À la pointe du calame. Éclats de l’Athos (première partie)

Mise en ligne de La rédaction, le 16 février 2014.

par Nicolae Popescu

[ EXTRAITS DU NUMÉRO 42 / HIVER 2013-2014 ]

Au Mont Athos

Au père Michel dont la bénédiction traverse les fenêtres

Prologue
Les aéroports sont devenus des dépotoirs, un ramassis de ce que la civilisation sécrète et rejette. Pris en charge, minorisés, traînés comme des forçats, on y régresse et dessine, sous la tutelle des nouveaux dieux, de véritables figures mythologiques. Au bout du labyrinthe pourtant, il n’y a plus d’envol. On m’annonce sans préavis ni autre politesse que le parcours a été, pour ainsi dire, dévoyé, et homo viator, éconduit. Je rêve de lumens orientalis, le préposé m’indique le sens contraire, l’impasse où elle s’éteint. Je vise la cime de l’Athos, et me ramasse sur le tarmac de Toronto. S’éloigner du but, pour commencer… Après certaines compensations à vocation pacifiante, j’aboutis à bon port avec trois heures de retard. On s’en fait indûment et sans fin. L’ordre des grandeurs est aboli, les proportions ne sont plus justes. Il est vrai que le bagage n’a pas suivi. Mais on s’encombre toujours trop et nos épaules en portent plus qu’il ne faut.

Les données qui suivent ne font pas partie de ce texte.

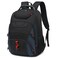 Boavan Laptop Backpack for men 173 inch Laptop Bag with USB Port Waterproof Travel Work Backpack Purse AntiTheft Teacher Nurse Doctor Casual Bookbags Office Business backpackBlackClassic Navy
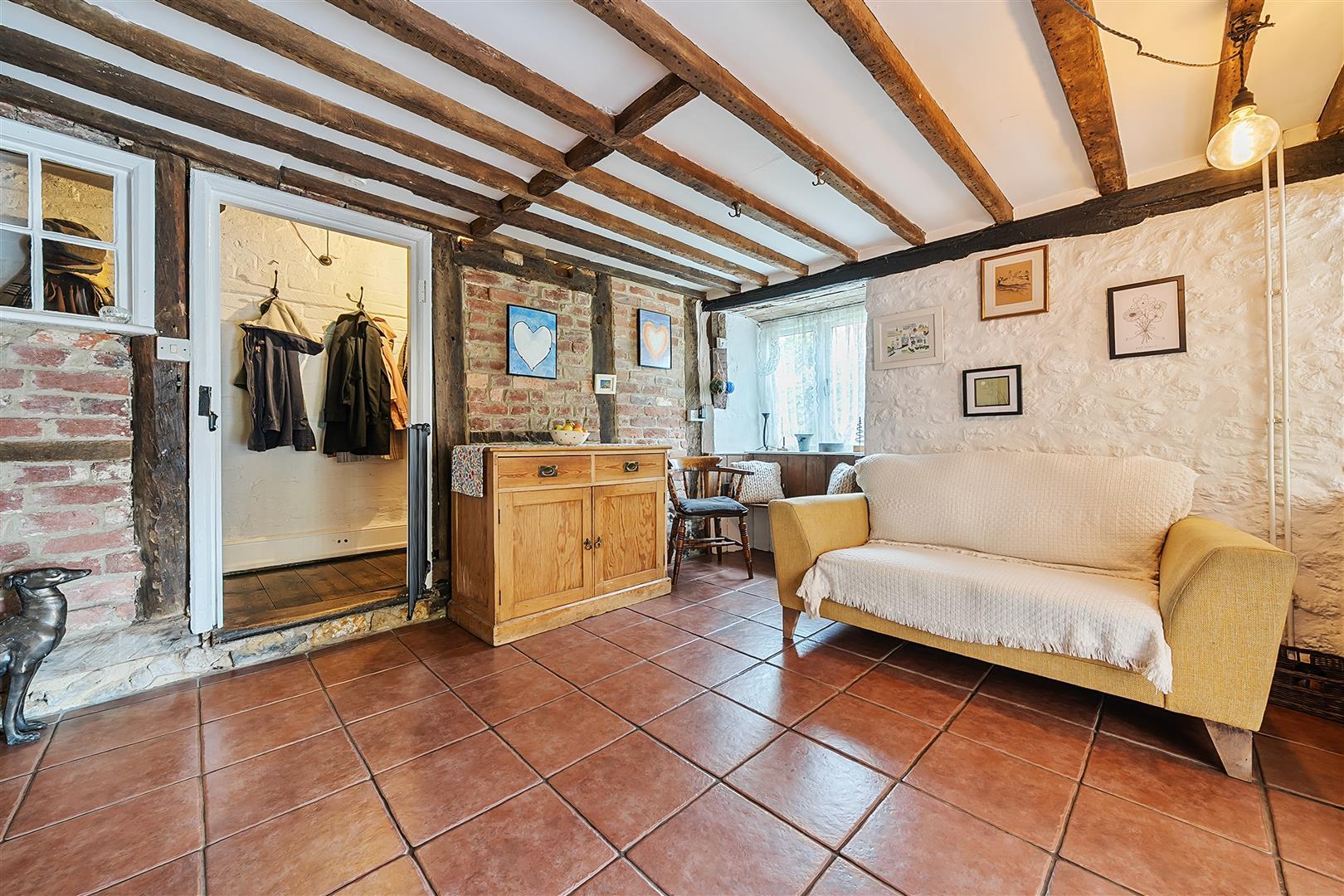 Property Image 98fbd3db-d767-4aa8-865b-d3a2ce9bf2d5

Je m’apprête à prendre le dernier vol. Surgit un moine qui semble partager la même destination. Joie parfaite. Signe indubitable. Le teint de sa peau, le blond-roux de ses cheveux et de sa barbe, la forme de sa coiffe – de sa kamilaphe –, tout indique qu’il est roumain ou russe. Comment en être sûr? Comment l’aborder et que lui dire? Le temps de passer le contrôle, il disparaît. Dans l’immensité de l’aérogare, où le retrouver sinon à la porte d’embarquement? En quelque sorte, au seuil du ciel. Afin de passer le temps, la marche sied au pèlerin. Au détour d’un couloir, un coup d’œil jeté au hasard révèle, non sans étonnement, que le moine fait des emplettes hors taxes. Je m’approche. Le moine jette son dévolu sur deux bouteilles de vodka et quelques friandises. La cause est entendue. J’essaie de lui sourire le plus courtoisement du monde. Il reste de glace. Il prend en fait un autre vol que le mien. Les voies, fussent-elles détournées, demeurent impénétrables, et le chemin n’en est que plus beau.

Première nuit
Embarquement à Ouranopolis. La mer est un miroir profond, invitant. Le vent rafraîchit les visages et nourrit le sang. Un moine serbe, colosse calme et distingué, choisit le bastingage à tribord, à l’ombre. Le ferry-boat avance sans se presser. Un adolescent trisomique croise le moine, lui sourit, le dépasse, se retourne et poussé par on ne sait quelle inspiration, se signe trois fois. La joie brille sur son visage. Le moine reste impassible. À défaut de pleurer, je souris. La joie est partagée.